Start of DATA FOR REVIEW

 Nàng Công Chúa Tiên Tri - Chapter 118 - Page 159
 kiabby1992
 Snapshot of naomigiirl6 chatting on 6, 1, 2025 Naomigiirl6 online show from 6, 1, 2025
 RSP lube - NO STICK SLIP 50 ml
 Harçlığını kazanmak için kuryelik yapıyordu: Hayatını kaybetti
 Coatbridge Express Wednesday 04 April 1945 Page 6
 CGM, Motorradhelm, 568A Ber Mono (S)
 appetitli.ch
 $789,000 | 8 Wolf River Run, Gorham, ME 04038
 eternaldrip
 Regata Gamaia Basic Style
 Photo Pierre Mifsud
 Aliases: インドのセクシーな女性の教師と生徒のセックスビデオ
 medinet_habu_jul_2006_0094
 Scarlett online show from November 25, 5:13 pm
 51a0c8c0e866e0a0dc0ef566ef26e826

End of DATA FOR REVIEW
Start of DATA FOR REVIEW

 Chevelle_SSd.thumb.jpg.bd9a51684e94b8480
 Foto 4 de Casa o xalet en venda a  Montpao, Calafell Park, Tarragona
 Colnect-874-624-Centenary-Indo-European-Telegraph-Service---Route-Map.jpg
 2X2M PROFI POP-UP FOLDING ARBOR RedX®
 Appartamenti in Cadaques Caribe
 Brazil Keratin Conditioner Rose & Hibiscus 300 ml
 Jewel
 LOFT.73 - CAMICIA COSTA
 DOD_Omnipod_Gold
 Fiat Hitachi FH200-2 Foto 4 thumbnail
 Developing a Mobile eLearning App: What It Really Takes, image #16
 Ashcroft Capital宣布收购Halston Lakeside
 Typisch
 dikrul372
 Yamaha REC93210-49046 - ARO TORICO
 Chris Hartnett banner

End of DATA FOR REVIEW

=== EXERCISE ===
Determine the number of lines in the data that contain "from" as a word or string, and state only that number.

=== WORKED SOLUTION ===
2